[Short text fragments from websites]
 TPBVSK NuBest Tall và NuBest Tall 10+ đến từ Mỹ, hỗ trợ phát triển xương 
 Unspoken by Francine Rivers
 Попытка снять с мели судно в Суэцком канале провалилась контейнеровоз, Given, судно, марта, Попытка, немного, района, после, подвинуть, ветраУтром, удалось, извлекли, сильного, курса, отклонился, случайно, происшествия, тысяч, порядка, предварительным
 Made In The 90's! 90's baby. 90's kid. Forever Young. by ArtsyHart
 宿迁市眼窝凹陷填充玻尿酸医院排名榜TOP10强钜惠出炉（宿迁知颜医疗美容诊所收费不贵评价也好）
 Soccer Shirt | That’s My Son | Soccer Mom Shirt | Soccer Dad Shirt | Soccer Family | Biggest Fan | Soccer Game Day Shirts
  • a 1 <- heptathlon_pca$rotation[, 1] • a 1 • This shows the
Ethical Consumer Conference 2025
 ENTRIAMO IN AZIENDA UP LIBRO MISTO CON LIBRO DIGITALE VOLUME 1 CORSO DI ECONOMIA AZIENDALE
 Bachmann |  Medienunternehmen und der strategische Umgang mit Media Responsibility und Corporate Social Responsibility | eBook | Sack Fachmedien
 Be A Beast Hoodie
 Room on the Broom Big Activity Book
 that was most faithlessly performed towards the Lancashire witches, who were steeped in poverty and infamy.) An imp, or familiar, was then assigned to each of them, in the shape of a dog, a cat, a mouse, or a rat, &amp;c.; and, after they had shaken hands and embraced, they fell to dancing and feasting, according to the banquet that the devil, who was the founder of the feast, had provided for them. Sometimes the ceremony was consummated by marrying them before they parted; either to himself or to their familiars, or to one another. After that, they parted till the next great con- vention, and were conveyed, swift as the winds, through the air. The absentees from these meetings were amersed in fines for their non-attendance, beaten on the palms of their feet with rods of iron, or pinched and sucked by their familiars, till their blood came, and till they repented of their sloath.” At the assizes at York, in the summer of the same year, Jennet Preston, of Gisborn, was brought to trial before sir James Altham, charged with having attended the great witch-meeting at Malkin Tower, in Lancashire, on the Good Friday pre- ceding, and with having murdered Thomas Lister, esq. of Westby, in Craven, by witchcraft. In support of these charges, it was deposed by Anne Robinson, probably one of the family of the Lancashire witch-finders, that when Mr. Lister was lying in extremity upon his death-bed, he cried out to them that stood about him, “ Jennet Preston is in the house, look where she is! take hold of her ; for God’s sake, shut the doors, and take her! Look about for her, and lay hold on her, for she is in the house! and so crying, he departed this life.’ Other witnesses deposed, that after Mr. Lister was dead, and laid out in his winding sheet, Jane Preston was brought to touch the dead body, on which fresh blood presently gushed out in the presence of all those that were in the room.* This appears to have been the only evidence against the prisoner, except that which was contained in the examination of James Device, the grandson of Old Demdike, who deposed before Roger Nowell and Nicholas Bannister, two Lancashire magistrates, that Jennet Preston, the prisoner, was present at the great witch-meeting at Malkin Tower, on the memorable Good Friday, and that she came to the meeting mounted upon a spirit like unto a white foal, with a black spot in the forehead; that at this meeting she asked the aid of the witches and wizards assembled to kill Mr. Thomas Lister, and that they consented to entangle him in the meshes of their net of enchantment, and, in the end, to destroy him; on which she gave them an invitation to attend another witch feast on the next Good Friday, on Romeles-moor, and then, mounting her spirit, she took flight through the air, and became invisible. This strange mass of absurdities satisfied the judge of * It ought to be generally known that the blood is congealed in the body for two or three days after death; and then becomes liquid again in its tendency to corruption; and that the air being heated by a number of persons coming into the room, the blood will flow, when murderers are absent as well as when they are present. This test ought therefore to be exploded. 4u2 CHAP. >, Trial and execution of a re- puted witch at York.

* [What needs to be done]
The lines above from the one containing "宿迁市眼窝凹陷填充玻尿酸医院" through the one containing "Room on the Broom Big Activity Book" are to be set down exactly, and no others.

* [Solution]
 宿迁市眼窝凹陷填充玻尿酸医院排名榜TOP10强钜惠出炉（宿迁知颜医疗美容诊所收费不贵评价也好）
 Soccer Shirt | That’s My Son | Soccer Mom Shirt | Soccer Dad Shirt | Soccer Family | Biggest Fan | Soccer Game Day Shirts
  • a 1 <- heptathlon_pca$rotation[, 1] • a 1 • This shows the
Ethical Consumer Conference 2025
 ENTRIAMO IN AZIENDA UP LIBRO MISTO CON LIBRO DIGITALE VOLUME 1 CORSO DI ECONOMIA AZIENDALE
 Bachmann |  Medienunternehmen und der strategische Umgang mit Media Responsibility und Corporate Social Responsibility | eBook | Sack Fachmedien
 Be A Beast Hoodie
 Room on the Broom Big Activity Book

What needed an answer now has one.